The case for Windows 8
To say that some users dislike Windows 8 would be putting it lightly. The drastic interface changes have polarized critics and alienated mouse-and-keyboard users, who feel Microsoft put too much emphasis on touchscreens.
The traditional Windows desktop is available in the new-look Windows 8. While it lacks Windows' iconic Start menu (for now) and you have to travel through the app-filled Start screen to get there (again, for now), those concerns will one day melt away, as Microsoft is trying to address PC users' biggest Windows 8 complaints through software updates.
And if you can keep an open mind, Windows 8 brings lots of benefits, even without a touchscreen PC or tablet.
Some of those benefits are subtle or under the hood. Startup and shutdown times are much faster in Windows 8, and overall performance is slightly improved. Virus protection is now built into the operating system, so you don't have to download Microsoft Security Essentials or pay for an antivirus suite, and a new secure boot option is enabled by default.
Windows 8 also adds some more tools for desktop users, such as a new file transfer dialog that combines everything into a single window and provides a pause button. The task manager has received a complete overhaul as well, with a cleaner look, stats on disk and data consumption, an app history view and a better way to manage programs that run on startup. If you use multiple monitors, Windows 8 has multimonitor features built-in, so you don't have to buy third-party software. File backup tools are also much improved in Windows 8, with a way to save a full history of your documents, music, photos, and videos folders.

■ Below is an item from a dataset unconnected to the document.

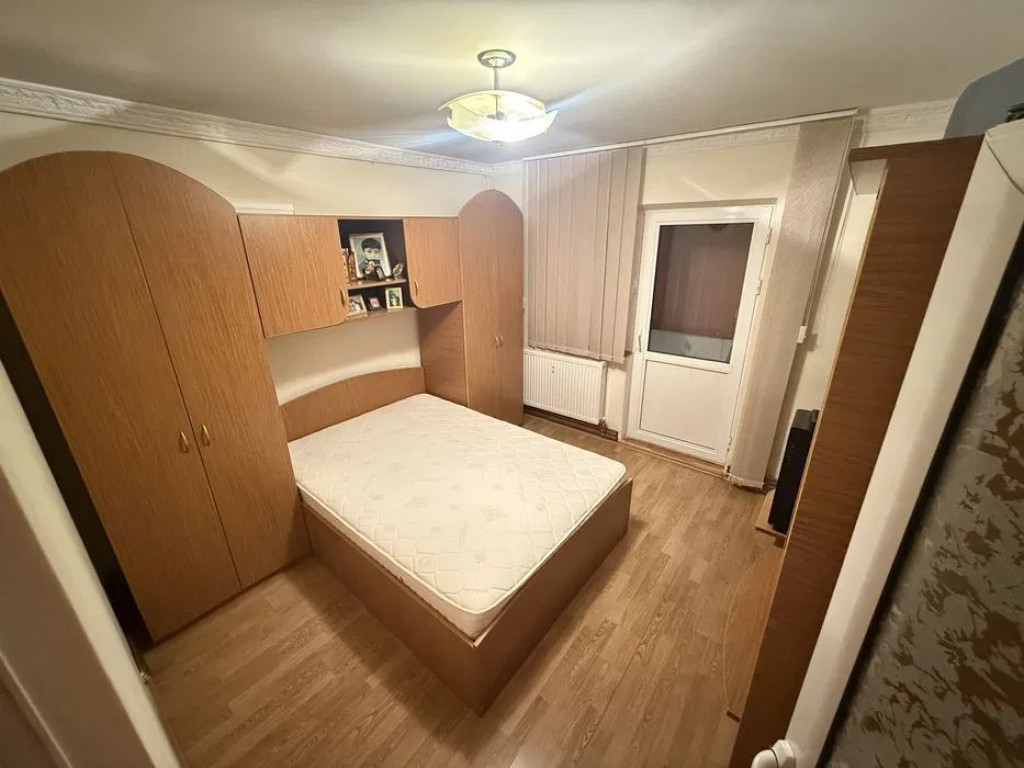 Apartament 2 camere decomandat Soseaua Giurgiului CENTRAL...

If you aren't afraid of the new interface of Windows 8, you may even find some uses for its modern-style apps. A full-screen text editor, for instance, can be a great way to tune out distractions, and the ability to "Snap" multiple apps side-by-side is helpful in all kinds of situations, such as pinning a calculator app right next to your Excel spreadsheet.

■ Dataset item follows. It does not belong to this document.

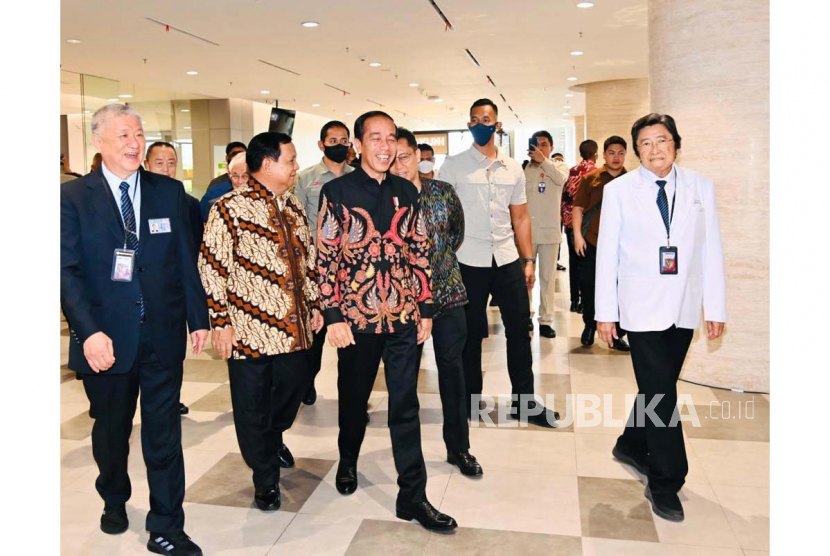 Presiden Joko Widodo meninjau sejumlah fasilitas dan peralatan yang ada di Rumah Sakit Tzu Chi Hospital, Jakarta. Ia tampak didampingi Menhan Prabowo Subianto dan Menkes Budi Gunadi Sadikin.
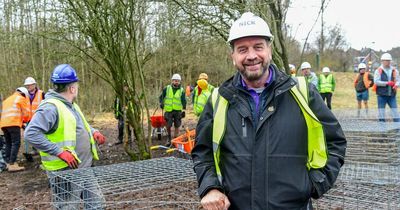 Nick Knowles meets his builder lookalike on DIY SOS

Pondering hardware and support realities
There's also the hardware to consider. It's not a challenge to find Windows 7 PCs online, and you can still buy copies of Windows 7 from retailers if you're building your own PC. But overall, the selection of Windows 8 hardware is much broader, from super-cheap laptops to thin-and-light Ultrabooks. Just to sweeten the deal, until June 15 Microsoft will give you $100 to upgrade to a Windows 8 machine. You'll also be able to take advantage of newer hardware, such as Intel's battery-efficient, fourth-generation Core (Haswell) processors. Downgrading to Windows 7 on a new PC is an option, but not from standard Windows 8. For that, you need to be running Windows 8 Pro, which adds to the total cost of your new computer.